Poll: Environment Worries Texans

Fewer than one in five Texans think their local environment has gotten better over the last 10 years – and one-third think it has gotten worse, according to a Scripps Howard Texas Poll to be released Monday.

An overwhelming majority – as high as 92 percent – say they are concerned about environmental problems ranging from pollution of drinking water to global warming. On nearly every environmental topic, most Texans say they are very concerned, the poll found.

Texans trust the state’s environmental agency to protect the environment more than they trust federal or local agencies, the poll found – and they trust large corporations least of all.

The Scripps Howard Data Center questioned by telephone 1,000 randomly selected Texas residents from Oct. 9-31. The margin of error for the whole sample was plus or minus 3 percentage points and greater for subgroups broken down by age, race, region and other factors.

“The good news is that people definitely are concerned about the environment,” said Ty Meighan, director of the Texas Poll, based in Austin.

The poll, conducted in the weeks before the presidential election, didn’t ask whether Texans thought Gov. George W. Bush or Vice President Al Gore would do a better job of protecting the environment – although the Texas environment became a hot campaign topic.

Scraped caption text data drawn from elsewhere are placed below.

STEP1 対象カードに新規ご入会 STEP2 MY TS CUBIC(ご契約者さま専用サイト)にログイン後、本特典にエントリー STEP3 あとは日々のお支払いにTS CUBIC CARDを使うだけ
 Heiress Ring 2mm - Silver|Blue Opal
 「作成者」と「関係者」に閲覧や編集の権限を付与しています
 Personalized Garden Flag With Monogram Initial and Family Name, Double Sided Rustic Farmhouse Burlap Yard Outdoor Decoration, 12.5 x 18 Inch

Mr. Gore repeatedly attacked Mr. Bush’s environmental performance, asking crowds outside Texas whether they wanted their local air to look like Houston’s. Mr. Bush said he had steered a reasonable course during his six years as governor, trying to improve the environment without imposing unnecessary regulations.

But the poll detected little apparent optimism about environmental trends in Texas. It found that just 18 percent of Texans believe that the overall quality of the environment in their localities has gotten better during the last 10 years.

About 33 percent said it has gotten worse, while 45 percent said it was about the same.

People who backed each presidential candidate said the poll reinforced their points of view.

Peggy Venable, a supporter of Mr. Bush’s and executive director of Texas Citizens for a Sound Economy, said the results suggest that Mr. Gore’s criticisms didn’t resonate with Texans.

“It’s amazing that these numbers [reflecting concerns] aren’t higher, considering what’s been going on around here lately,” Ms. Venable said. Most environmental indicators show improvement, she said – “even Houston’s air.”

But Ken Kramer, executive director of the Sierra Club’s Texas chapter, said the poll shows that Mr. Bush was out of touch with the environmental concerns of most Texans. The Sierra Club endorsed Mr. Gore.

The poll found that Texans were most concerned about pollution of drinking water, rivers, lakes and reservoirs. About 92 percent of those questioned said they were concerned about pollution of surface waters, with 73 percent of them saying they were very concerned.

Worries about drinking water pollution were almost as high, with 88 percent expressing concern and 72 percent saying they were very concerned.

Global warming drew the least concern, but even then, 70 percent of the respondents said they were concerned about it. About 47 percent said they were very concerned about climate change from pollution and other human activities.

The poll suggested that recycling is catching on among Texans, with 60 percent saying their households recycle aluminum cans. But household recycling rates for other materials were much lower, ranging from 47 percent who said they recycle newspapers to a low of 27 percent who said they recycle glass.

On the question of which political party they trust to protect the environment, Texans were almost evenly split, with 46 percent trusting Democrats and 45 percent trusting Republicans. They said they trusted Congress even less, 44 percent.

The state’s environmental agency, the Texas Natural Resource Conservation Commission, has the trust of 60 percent of those polled, the most of any entity listed. “That’s refreshing,” said commission Chairman Robert Huston.

Mr. Huston said Texas has made great strides in the last 10 years in protecting drinking water, is doing well at protecting lakes and rivers but has hit a plateau in improving the air – but he added that state plans before the EPA will renew progress.

He said every environmental agency faces the task of adopting traditional anti-pollution rules to fit the public’s broader concerns about traffic, land use and other urban worries. “It’s a quality-of-life issue,” he said.

Federal agencies such as the EPA and local government agencies had the trust of 52 percent of those polled. At the bottom for trust in protecting the environment were large corporations, the poll found.

Only 37 percent said they trust large corporations to do the job, while 31 percent said they trust them not at all.

That’s not surprising, said H. Sterling Burnett of the National Center for Policy Analysis, a Dallas-based think tank that promotes free-market policies. “People have been sold [a view of] capitalism as a heartless, soulless entity,” Mr. Burnett said.

Agreeing with poll findings that state agencies are trusted most to protect the environment, Mr. Burnett said the public is pessimistic because “environmentalists have been very successful at selling disaster.”

Not so, said Mary Kelly, executive director of the Texas Center for Policy Studies, an Austin-based think tank that promotes stronger environmental protection. She said people know the environment is in trouble because they can see it for themselves.

“People can feel that their air is worse,” she said. “I think that’s significant.”